Speaking in Brisbane on Wednesday, Cummins made it clear he is prepared to push the envelope if it keeps him involved. “That would be devastating, so we’ll be doing everything we can to try to be right for that and try to make a few decisions a little bit closer, but confident,” he said. “Do the rehab right and give it a good crack. It’s a big Ashes series. It doesn’t get much bigger, so I think you’re willing to take a few risks and be a little bit aggressive to try and play as much Test [cricket] as you can.”

The 31-year-old fast bowler felt soreness after Australia’s 3-0 sweep of West Indies in July, a series in which he delivered just 60 overs. A month of rest followed, then another scan on Monday. “It doesn’t feel too bad, but I’m obviously not bowling or doing too much at the moment,” he explained. “With bone injuries, you really just want to settle it down. I’m still doing a bit of gym, but no real running, no bowling. Get that right and then we’ll build up to the summer. We’ve got loads of time, there’s about 12 weeks until the first Test.”

In practical terms, Australia will start the Ashes build-up without their skipper, their spearhead and one of their more experienced lower-order run-scorers. The selectors have enough recent evidence to feel calm; rotation and squad depth have become a norm since the pandemic season. Scott Boland is the obvious like-for-like bowling replacement after claiming a hat-trick against West Indies, while vice-captain Travis Head would lead if Cummins fails to make it.
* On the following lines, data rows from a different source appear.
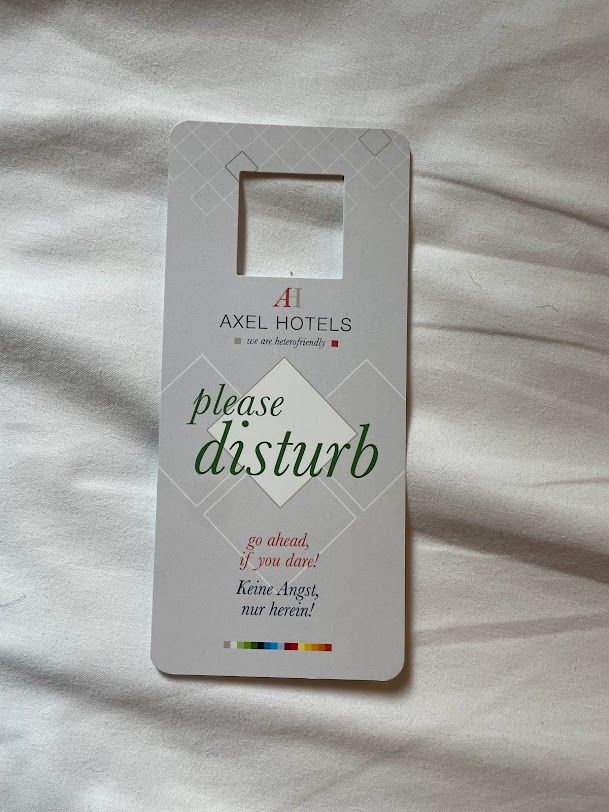 the please disturb door knocker sign for axel hotel berlin germany location laid out on a white bed sheet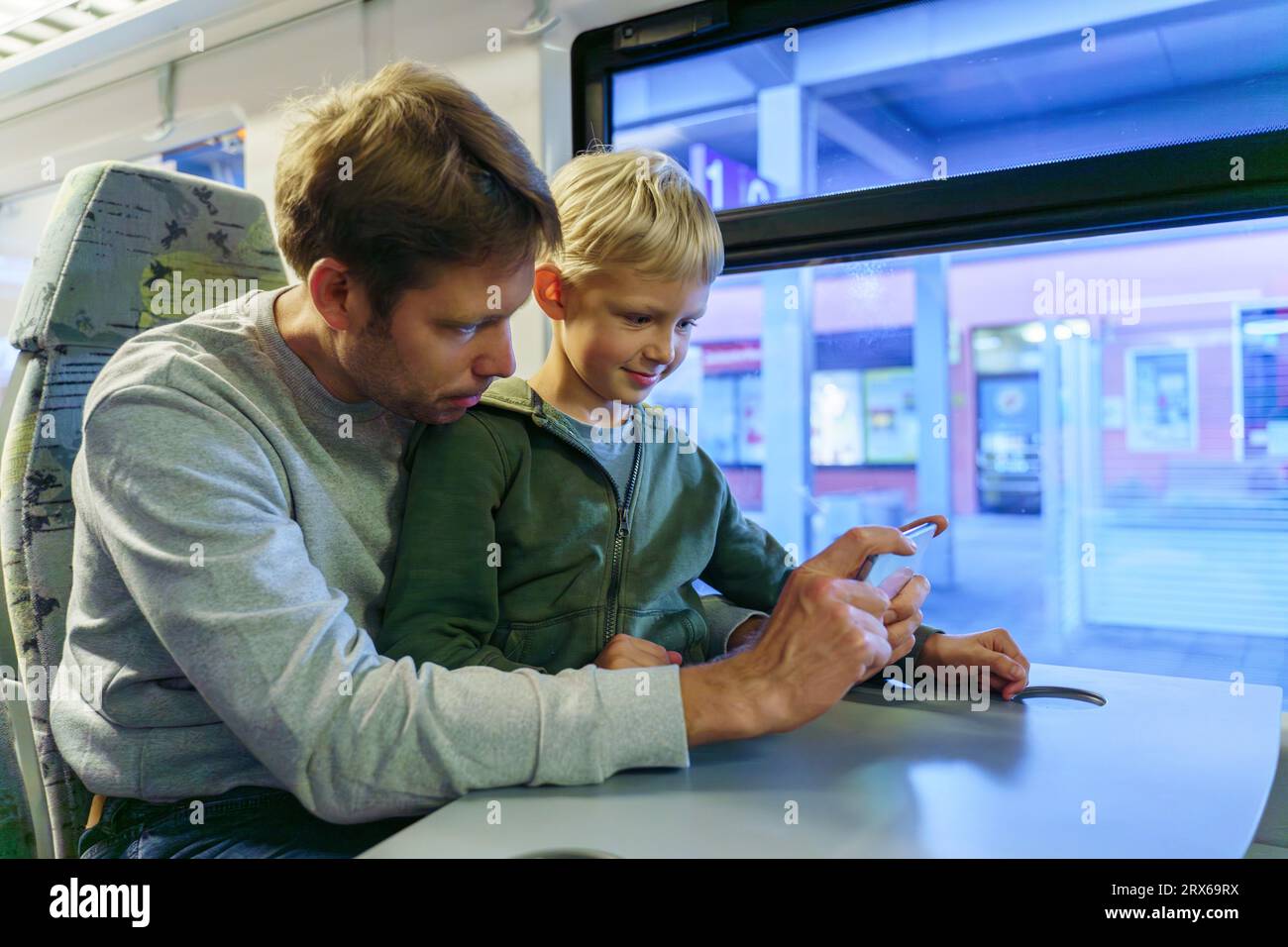 Lächelnder Junge mit Vater, der Smartphone in der Nähe des Fensters im Zug benutzt Stockfoto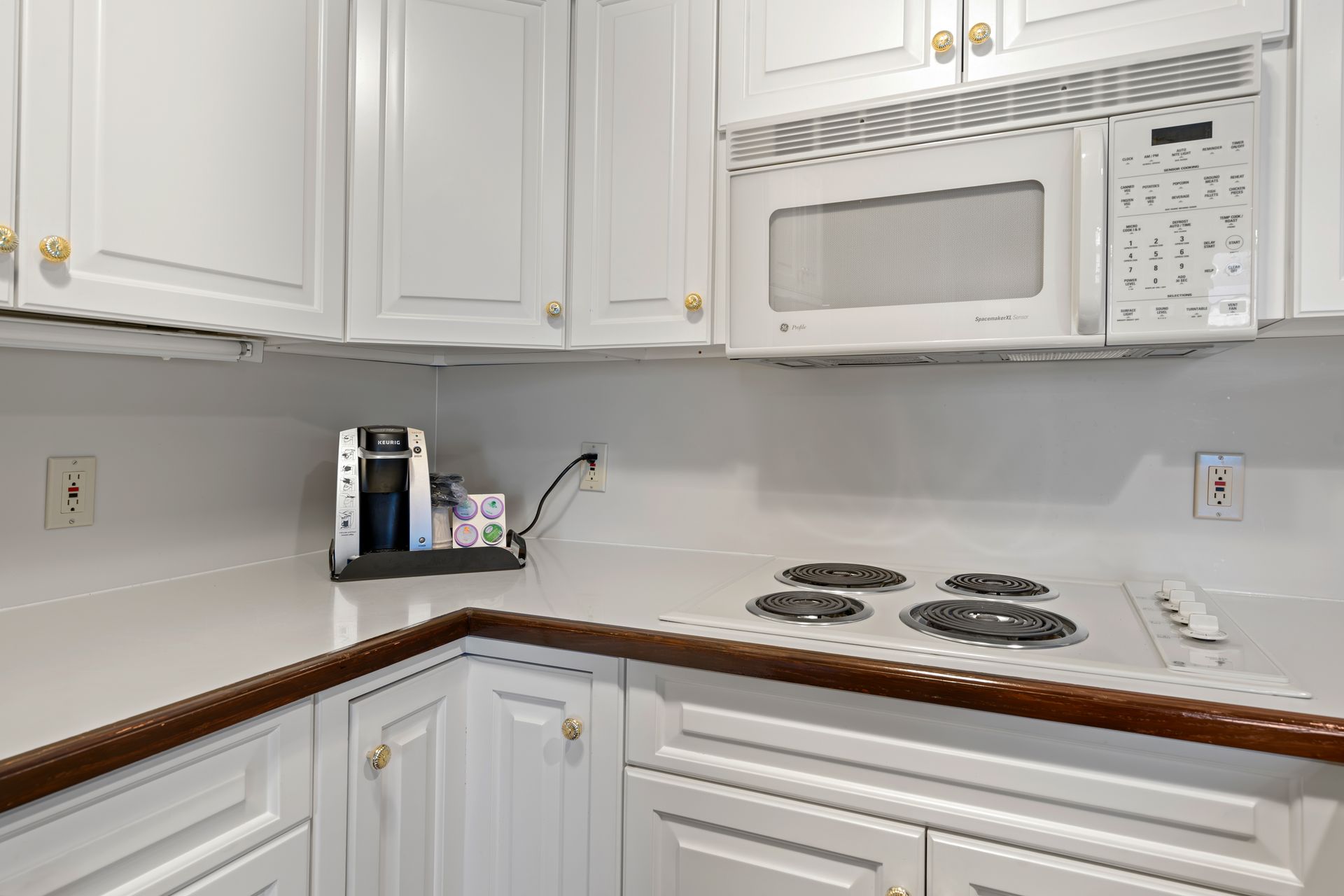 A kitchen with white cabinets , a stove , a microwave , and a coffee maker.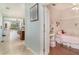 Open hallway showcases a bedroom and flows into the living area with ample natural light at 11849 Forest Park Cir, Bradenton, FL 34211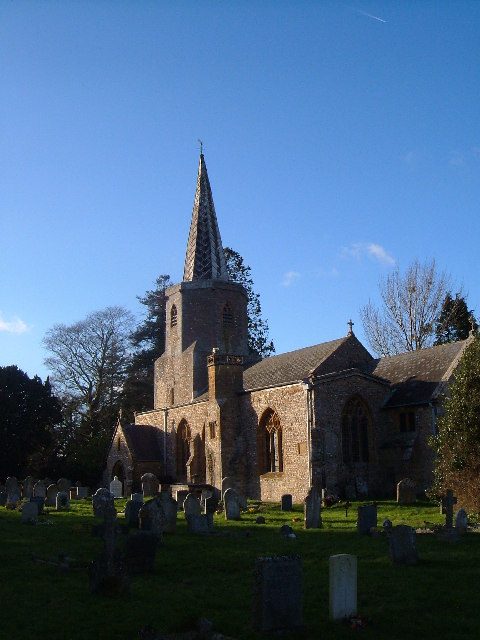 The tower and lead spire of the church in low winter sunlight, seen from the churchyard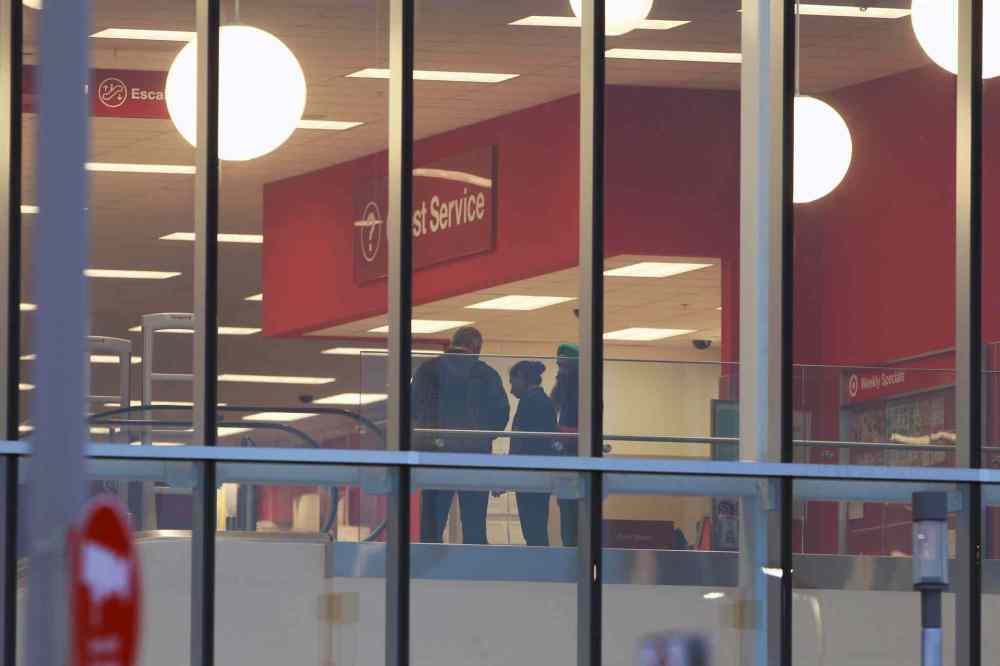JOE BRYKSA / WINNIPEG FREE PRESS
Employees chat inside the new Target store on St. James Street Thursday morning just before it opens for the day. But earlier today, Target's corporate office announced it is closing all stores in Canada.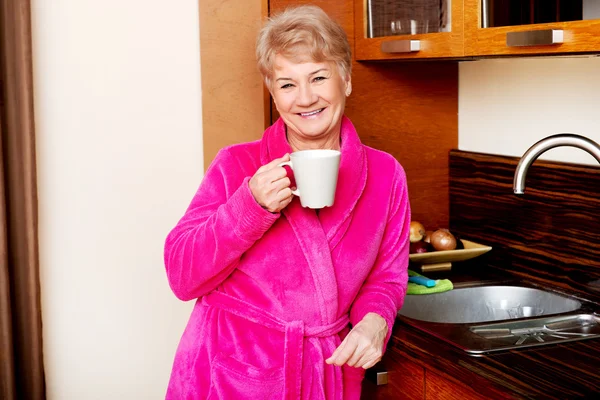 Elderly smile woman drinking coffee or tea in her kitchen — Stock Photo, Image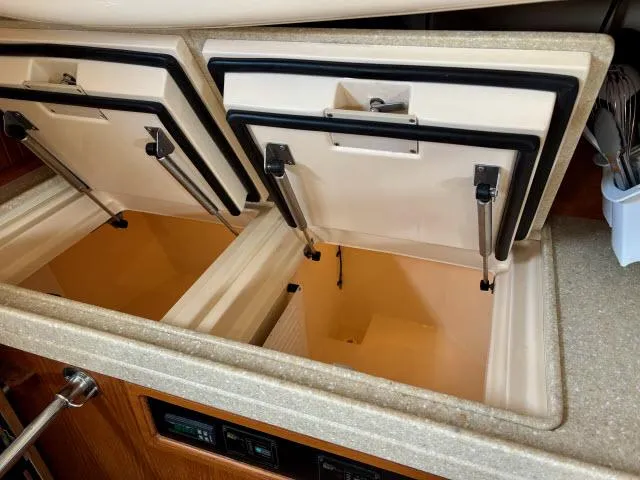 Slide: The Image of Open storage compartments in 2008 Island Packet 370 yacht galley. - 11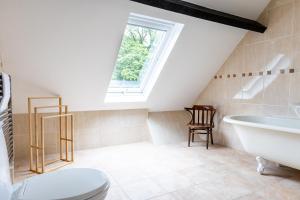 a bathroom with a toilet and a tub and a window at The Coach House in Lea +73 photos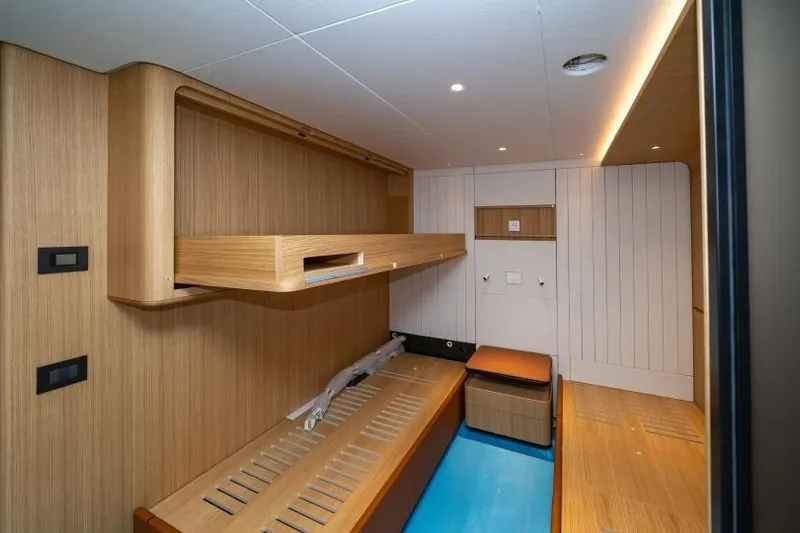 Presence Yacht Photos Pics Modern interior of 2026 Cantiere Delle Marche 130.37 yacht cabin with wooden finishes.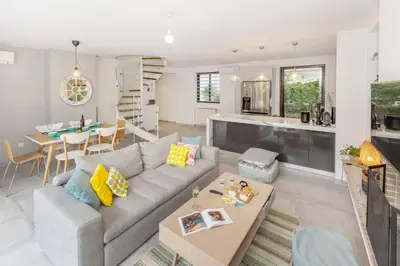 a living room with a couch and a table at Private Garden Duplex in Voula by GHH in Athens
“We always talk about we need a lot of depth,” Cummins noted. “We’ve been lucky in the last couple of years. We kind of haven’t had to go past the four guys really, but guys like Sean Abbott… Doggy [Brendan Doggett], there’s about four or five guys. Ness [Michael Neser] has obviously been around, Jhye Richardson. There’s guys who have been in and around the Test team over the last few years and haven’t had too many opportunities, but we know they’re going to be good enough if they’re needed.”

While anxious fans will focus on the calendar, Cummins sounded relaxed about skipping Sheffield Shield cricket before the Ashes. “At this stage of my career I feel like I can probably get up to speed a bit quicker than when I was 18 or 19,” he said. “Back then you probably feel like you need to play a few Shield games or one-dayers. I’m pretty confident even if I don’t get a chance to play a Shield game, I’ll can get up to speed.”

From a medical standpoint, lumbar stress injuries demand caution. Fast bowlers generate more than eight times their body weight through the back at the point of delivery; a premature return risks a complete fracture. The physiotherapists will therefore track bone density, bowling loads and simple day-to-day discomfort before signing him off.

Yet the Ashes rarely waits for anyone, and Cummins knows it. Australia have not lost a home series to England since 2010-11, and the captain is keen to preserve that record. Between now and mid-November his programme will be a familiar cycle: rest, core stability work, light bowling, heavier spells, match-day preparation. If one step is missed, the risk goes up; if all goes smoothly, the Perth Test remains realistic.

For now, the numbers are straightforward: roughly 12 weeks to heal, four to ramp up, and maybe half a dozen spells in the nets before an England batting order walks out at Optus Stadium. Cummins is banking on that timeline. And as long as the pain stays at bay, the gamble makes sense.